The interim government of Mohammad Yunus has a much-improved outlook toward Pakistan and its institutions. Islamabad has a good opportunity to convert this newfound opportunity into lasting goodwill, but it should tread carefully and not choose to replace India’s lost influence with its own hallmark. Pakistan should also resist the temptation to cultivate ties with only BNP and JI by ignoring other political parties. It should not ignore the fact that AL, minus Hasina and her corrupt cabal, remains a major political party in Bangladesh and may well be in government in the future.
Pakistan should take steps to deepen professional, business and people-to-people contacts with Bangladesh in the fields of trade, communication, tourism, cottage industry, agriculture, poultry and dairy farming, road building, environment protection, youth networks, nongovernmental organization (NGO) cooperation, journalism, sports and culture. These direct contacts will help the people of both countries break the old barriers of hatred that unfortunately prevented an entire generation from knowing each other and using their strengths to derive mutual advantages. At the government level, military cooperation in defense production and exports, satellite and space technology and infrastructure building should be pursued based on mutual benefits. Both countries also need to increase their consular and trade representation in the big cities.
Pakistan should also stay clear of the ongoing controversy in Bangladesh about the status of Mujib as the father of the nation, despite the temptation to be drawn into it due to his misquoted statement about the death of millions of Bengalis at the hands of the Pakistani military establishment which keeps cropping up in a discussion on the history of Bangladesh even today.

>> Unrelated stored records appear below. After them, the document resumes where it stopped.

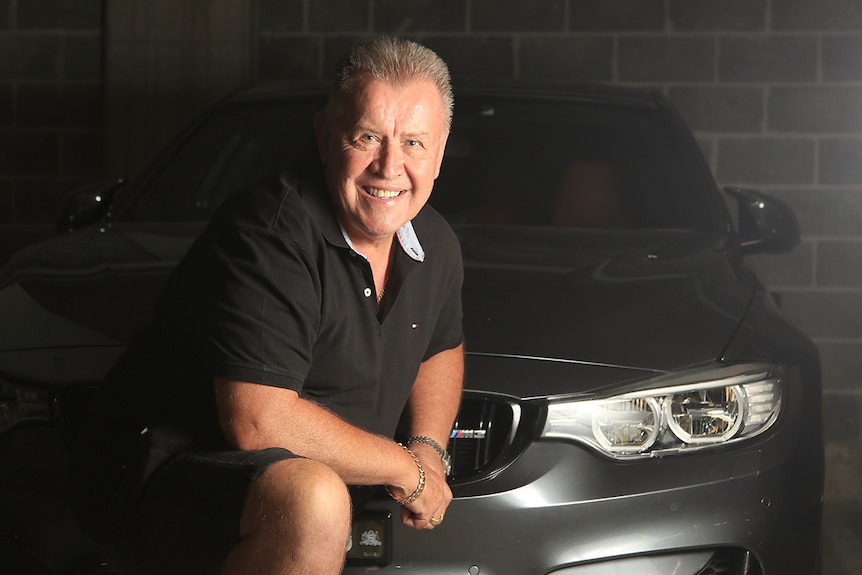 Ian Luff crouches down next to the front of a grey sports car in a car park.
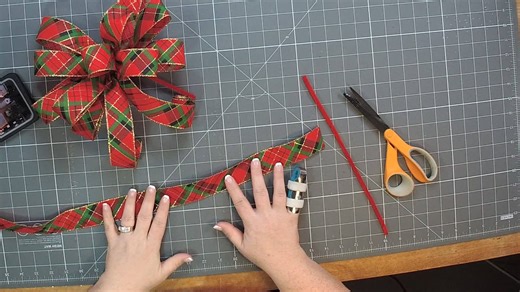 Who's adding bows to their gifts this year??? Check out this tutorial to learn how to make a SINGLE ribbon bow for your gift wrapping this year. | DecoExchange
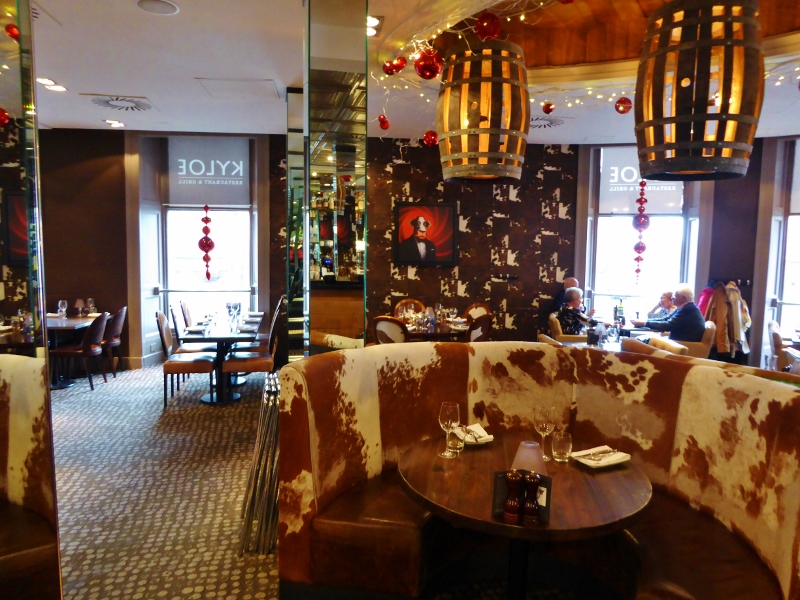 Private dining room at Kyloe Steak Restaurant, cozy booth, ideal for intimate events.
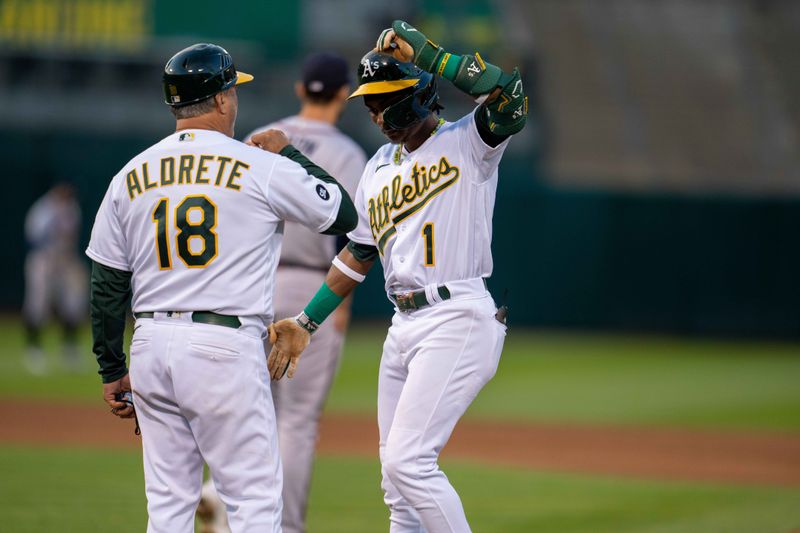 May 30, 2023; Oakland, California, USA;  Oakland Athletics center fielder Esteury Ruiz (1) and Oakland Athletics first base coach Mike Aldrete (18) celebrate after the RBI single against the Atlanta Braves during the fifth inning at Oakland-Alameda County Coliseum. Mandatory Credit: Neville E. Guard-USA TODAY Sports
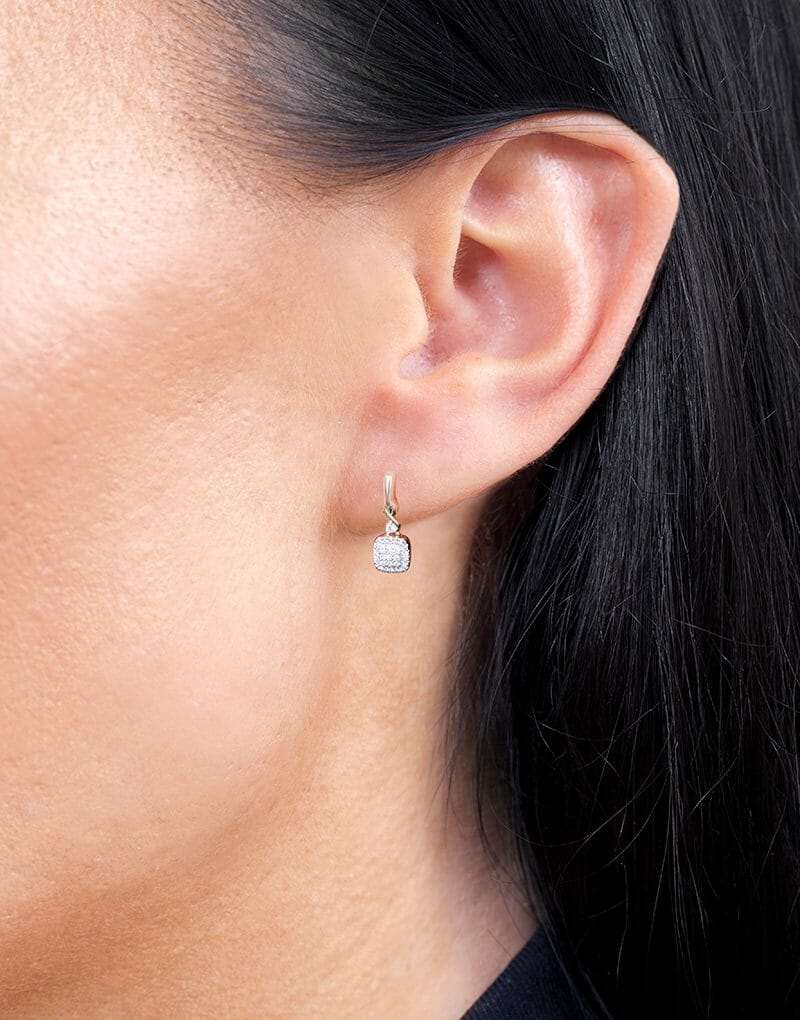 Eleganckie kwadratowe złote kolczyki z brylantami noszone na uchu, idealne na specjalne okazje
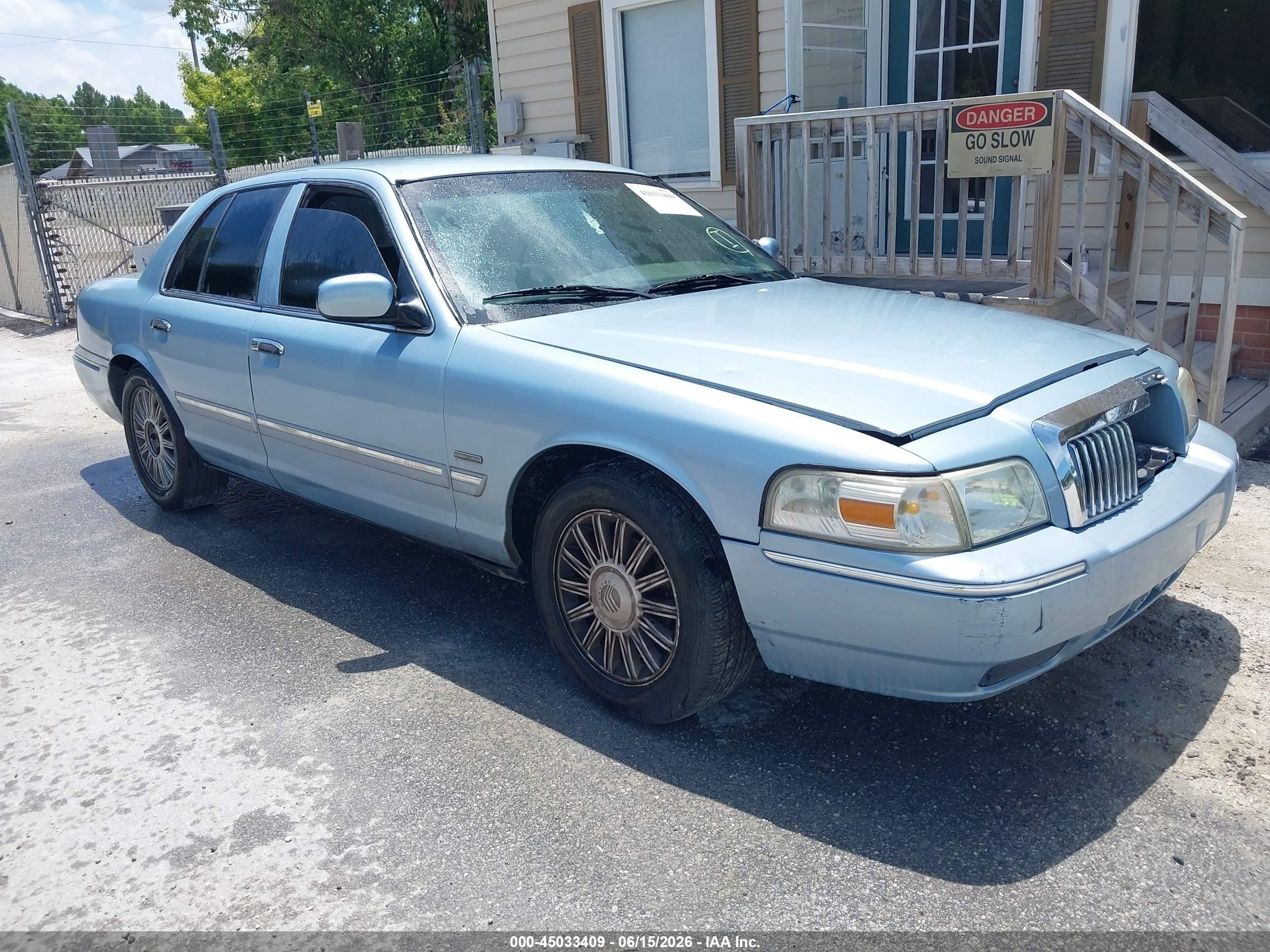 2011 Mercury Grand Marquis LS, VIN 2MEBM7FV5BX604297 — Normal wear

Recently, a video interview of Col. Shariful Haq Dalim, who was accused of collective planning of Mujib’s assassination in 1975 but survived Hasina’s trials of her father’s murderers due to his self-exile abroad, has gone viral in Bangladesh, where he has corrected this misquoted number in his unique capacity as a close associate of Mujib and a freedom fighter. He also received the highest military award in Bangladesh for his services to the freedom movement and establishing the security structure of post-independent Bangladesh. The debate about the father of Bangladesh and the number of freedom fighters killed in the struggle is entirely a matter for Bangladesh to decide with national consensus. Pakistan or India should not attempt to rewrite the history of Bangladesh from their perspective.
Bangladesh’s friends should encourage the interim government to pursue inclusive policies to develop a national consensus on the country’s security and foreign policies, which do not have to be a zero-sum game. The goals of the Interim government may be ambitious, but these are not impossible to attain, provided that regional and international powers do not meddle in Bangladesh’s politics by choosing their favorites for a quid pro quo at a later stage. In counseling Bangladesh about these matters, Pakistan enjoys a unique position due to its own national experience and loss.